Fundación ProAves – por la conservación en el país de las aves

A promising future for Harlequin frogs in El Dorado Bird Reserve

17 September, 2014


Colombia is one of the richest countries on the planet in amphibian species, according to censuses conducted in the month of July, there is an encouraging abundance of these frogs at El Dorado Bird Reserve.

This Biological group represents an ecologically valuable ecosystem given their importance as bio-indicators of environmental quality, and are key organisms in the ecological dynamics of forests. Unfortunately, in recent years, a special group of these frogs, particularly the genus Atelopus, commonly known as Harlequin frogs, characterized by their striking coloration (aposematic) and their presence in almost all climatic zones from humid forests, mist and paramos, is declining due to multiple causes, including water pollution, deforestation, climate change and the fungus Chytri, a fungus that threatens the world’s amphibians.

Fortunately, two Harlequin frog species are protected in perpetuity in the El Dorado Bird Reserve, Atelopus nahumae and Atelopus laetissimus, endemic to the Sierra Nevada de Santa Marta and listed as Critical Endangered CR by the International Union for Conservation of Nature censuses.

Atelopus nahumae y Atelopus laetissimus

Today, we are advancing detailed censuses in the Reserve to quantify and update the distribution of these frogs and other amphibians endemic to Santa Marta; as preliminary results, we have abundances recorded for the Harlequin frog, Atelopus nahumae; in the space of 3 hours in a ravine 400m long, 10-9 individual Harlequin frogs were found, in the same creek there were 8 individuals of Atelopus laetissimus.

These species use the habitat of the soil adjacent to water bodies and secondary forests and all were observed near areas of high presence of epiphytes (mosses and lichens) and soil with a high presence of leaf litter.
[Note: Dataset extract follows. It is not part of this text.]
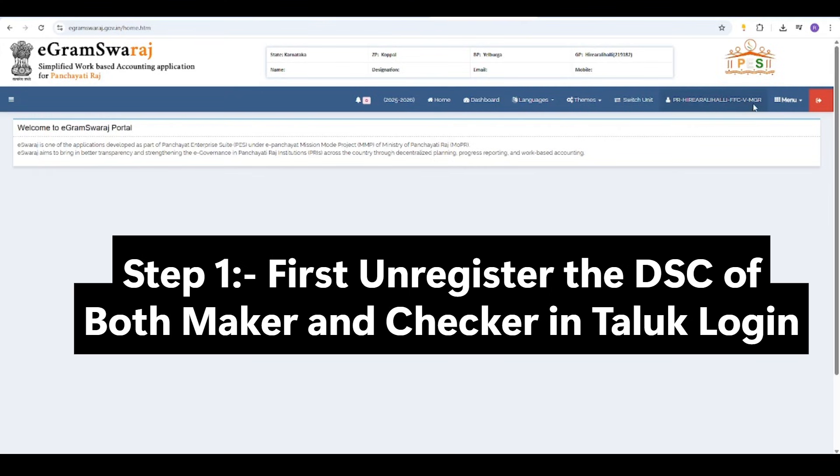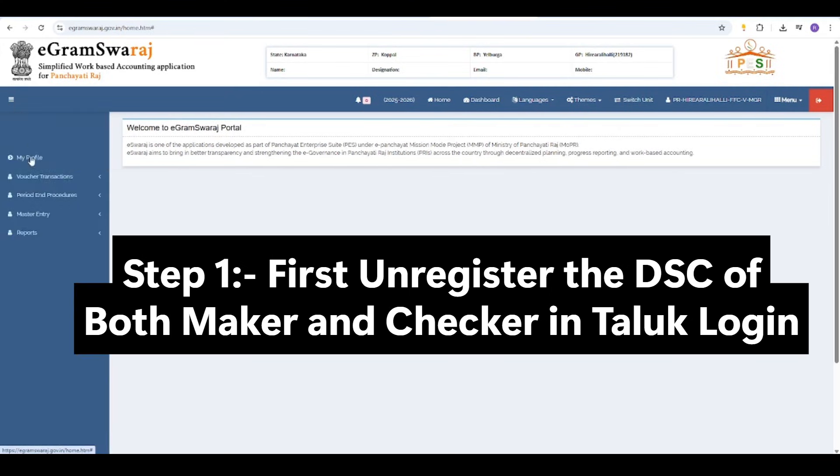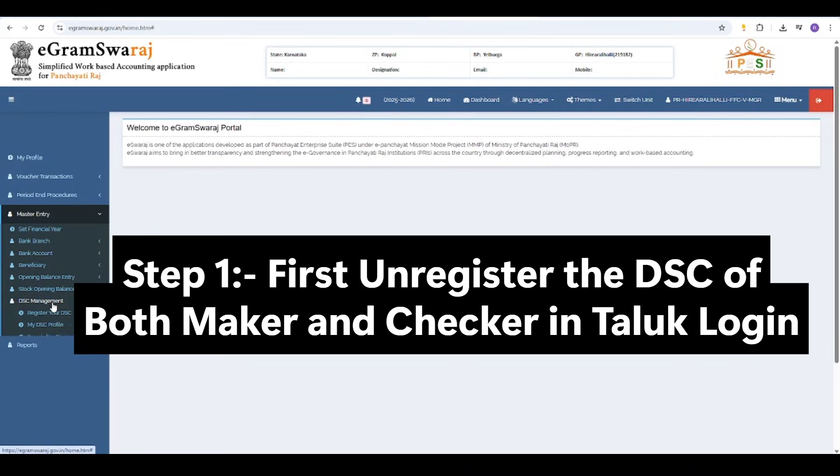Step 1: First, unregister the DSC of both maker and checker in Taluk login.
On July 18th, we observed two pairs of Atelopus nahumae in amplexus or nuptial embrace.

These abundances, apparently encouraging, make us join our efforts and work as a team with the peoples in the areas surrounding the Reserve to learn more about the demographics and anthropogenic threats that threaten these populations and to generate a future management plan and contribute to the conservation of this beautiful amphibian group approaching extinction.